FIX Add NaN handling to selection of best parameters for `HalvingGridSearchCV` #24539

betatim · 2022-09-29T09:35:52Z

Reference Issues/PRs

Fix #20678

What does this implement/fix? Explain your changes.

Parameter combinations that have a score of NaN should not be ranked higher than solutions with an actual score.

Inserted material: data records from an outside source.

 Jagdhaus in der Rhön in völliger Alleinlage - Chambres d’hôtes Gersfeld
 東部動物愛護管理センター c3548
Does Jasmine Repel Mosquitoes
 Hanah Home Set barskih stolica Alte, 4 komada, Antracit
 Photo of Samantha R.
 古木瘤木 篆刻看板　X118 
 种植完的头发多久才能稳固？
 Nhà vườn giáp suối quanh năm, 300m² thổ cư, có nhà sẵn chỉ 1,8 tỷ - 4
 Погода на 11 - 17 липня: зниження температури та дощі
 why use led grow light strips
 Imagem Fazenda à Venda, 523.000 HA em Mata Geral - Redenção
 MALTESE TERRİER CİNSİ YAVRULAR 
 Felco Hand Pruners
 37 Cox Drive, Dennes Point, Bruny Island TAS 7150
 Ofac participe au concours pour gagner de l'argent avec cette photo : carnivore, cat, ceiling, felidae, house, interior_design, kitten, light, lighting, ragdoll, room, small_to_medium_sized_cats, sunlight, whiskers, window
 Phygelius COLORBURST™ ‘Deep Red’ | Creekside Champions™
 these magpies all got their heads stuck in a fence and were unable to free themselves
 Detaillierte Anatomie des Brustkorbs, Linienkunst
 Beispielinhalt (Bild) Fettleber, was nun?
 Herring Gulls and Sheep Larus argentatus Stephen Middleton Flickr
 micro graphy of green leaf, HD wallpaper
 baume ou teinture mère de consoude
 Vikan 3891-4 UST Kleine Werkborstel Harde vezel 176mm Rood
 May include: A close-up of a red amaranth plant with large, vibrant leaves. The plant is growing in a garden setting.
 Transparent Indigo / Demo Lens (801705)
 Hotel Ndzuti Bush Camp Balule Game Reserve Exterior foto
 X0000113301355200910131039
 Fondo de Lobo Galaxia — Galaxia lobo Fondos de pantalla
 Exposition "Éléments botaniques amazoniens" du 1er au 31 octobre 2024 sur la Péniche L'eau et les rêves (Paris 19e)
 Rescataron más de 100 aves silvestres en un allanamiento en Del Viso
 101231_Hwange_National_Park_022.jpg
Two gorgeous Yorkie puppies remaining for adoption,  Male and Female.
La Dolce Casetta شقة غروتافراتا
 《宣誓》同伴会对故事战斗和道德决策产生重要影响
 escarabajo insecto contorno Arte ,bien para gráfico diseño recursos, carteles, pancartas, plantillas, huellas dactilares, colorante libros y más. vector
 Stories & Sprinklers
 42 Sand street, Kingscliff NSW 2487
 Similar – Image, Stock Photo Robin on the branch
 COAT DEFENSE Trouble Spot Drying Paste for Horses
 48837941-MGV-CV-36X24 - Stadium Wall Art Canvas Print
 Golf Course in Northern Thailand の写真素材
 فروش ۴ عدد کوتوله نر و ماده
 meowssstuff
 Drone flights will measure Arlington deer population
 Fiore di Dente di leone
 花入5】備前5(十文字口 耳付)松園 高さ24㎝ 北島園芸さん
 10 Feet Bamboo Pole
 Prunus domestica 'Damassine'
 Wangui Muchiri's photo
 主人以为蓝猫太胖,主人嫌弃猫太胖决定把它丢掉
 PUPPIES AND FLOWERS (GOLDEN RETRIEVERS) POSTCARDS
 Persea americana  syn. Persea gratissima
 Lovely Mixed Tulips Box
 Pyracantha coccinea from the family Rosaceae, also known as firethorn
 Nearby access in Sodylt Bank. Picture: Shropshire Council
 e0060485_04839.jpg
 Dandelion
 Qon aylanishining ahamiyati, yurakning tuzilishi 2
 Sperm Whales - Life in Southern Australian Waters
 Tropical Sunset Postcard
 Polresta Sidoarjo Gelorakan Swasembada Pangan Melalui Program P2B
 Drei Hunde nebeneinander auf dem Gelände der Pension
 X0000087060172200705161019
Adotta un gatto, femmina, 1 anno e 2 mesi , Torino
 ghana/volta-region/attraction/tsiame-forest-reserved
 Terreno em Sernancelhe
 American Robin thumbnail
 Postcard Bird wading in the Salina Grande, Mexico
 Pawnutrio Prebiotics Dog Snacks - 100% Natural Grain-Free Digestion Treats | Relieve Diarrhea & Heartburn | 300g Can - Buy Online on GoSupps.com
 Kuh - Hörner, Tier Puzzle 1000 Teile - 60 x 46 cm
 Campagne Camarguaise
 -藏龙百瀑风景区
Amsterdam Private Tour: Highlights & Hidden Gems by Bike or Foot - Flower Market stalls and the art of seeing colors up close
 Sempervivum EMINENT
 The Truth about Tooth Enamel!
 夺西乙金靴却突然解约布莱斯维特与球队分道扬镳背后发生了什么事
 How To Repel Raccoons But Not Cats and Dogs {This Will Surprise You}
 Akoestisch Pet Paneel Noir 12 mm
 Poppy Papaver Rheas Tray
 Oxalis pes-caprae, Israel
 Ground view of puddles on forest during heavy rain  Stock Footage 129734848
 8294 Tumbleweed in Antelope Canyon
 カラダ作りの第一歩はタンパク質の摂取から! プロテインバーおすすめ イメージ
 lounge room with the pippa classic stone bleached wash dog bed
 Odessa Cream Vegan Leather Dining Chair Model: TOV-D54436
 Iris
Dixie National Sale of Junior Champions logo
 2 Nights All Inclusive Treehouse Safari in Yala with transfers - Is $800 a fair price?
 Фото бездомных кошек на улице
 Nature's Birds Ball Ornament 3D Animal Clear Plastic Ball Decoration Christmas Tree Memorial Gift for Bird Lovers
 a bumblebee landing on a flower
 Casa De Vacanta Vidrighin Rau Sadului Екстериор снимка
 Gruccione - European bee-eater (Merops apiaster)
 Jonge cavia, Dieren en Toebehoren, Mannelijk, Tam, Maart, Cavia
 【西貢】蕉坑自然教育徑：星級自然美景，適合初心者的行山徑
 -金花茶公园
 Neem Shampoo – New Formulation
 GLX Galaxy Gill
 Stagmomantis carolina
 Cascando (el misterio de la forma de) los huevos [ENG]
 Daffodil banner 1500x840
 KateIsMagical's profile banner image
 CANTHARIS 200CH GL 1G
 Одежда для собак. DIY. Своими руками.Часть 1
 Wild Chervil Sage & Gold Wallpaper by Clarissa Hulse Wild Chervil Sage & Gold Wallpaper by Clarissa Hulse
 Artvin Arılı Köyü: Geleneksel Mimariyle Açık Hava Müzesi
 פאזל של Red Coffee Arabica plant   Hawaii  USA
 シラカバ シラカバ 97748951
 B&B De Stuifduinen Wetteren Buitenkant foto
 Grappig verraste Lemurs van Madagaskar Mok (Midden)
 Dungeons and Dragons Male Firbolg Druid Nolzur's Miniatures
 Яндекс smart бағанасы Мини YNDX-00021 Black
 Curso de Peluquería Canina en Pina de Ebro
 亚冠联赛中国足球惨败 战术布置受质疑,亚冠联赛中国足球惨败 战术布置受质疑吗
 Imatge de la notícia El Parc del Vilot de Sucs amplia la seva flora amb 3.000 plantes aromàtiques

This switches to using np.nanargmax() to find the highest scores that are not NaN. In addition, when selecting the top-k parameter combinations we now rank combinations with a score of NaN lower than any solution with a score.

Any other comments?

I am not sure exactly how to provoke the failure. I've tested this with a fake estimator like the following:

class RandomlyFailingClassifier(BaseEstimator, ClassifierMixin):
    def __init__(self, n_estimators=10, some_param=2):
        self.some_param = some_param
        self.n_estimators = n_estimators
    def fit(self, X, y):
        if False: #random.random() < 0.5 and self.n_estimators != 10:
            raise Exception("waaahhh")
        else:
            return self
    def predict(self, X):
        if False and random.random() < .3:
            raise Exception("muuuuuuuh")
        y = random.choices([0, 1], k=X.shape[0])
        return np.array(y)

which allows you to have fit() and/or predict() fail at random. I think for a non regression test we need something better. Does someone have an idea?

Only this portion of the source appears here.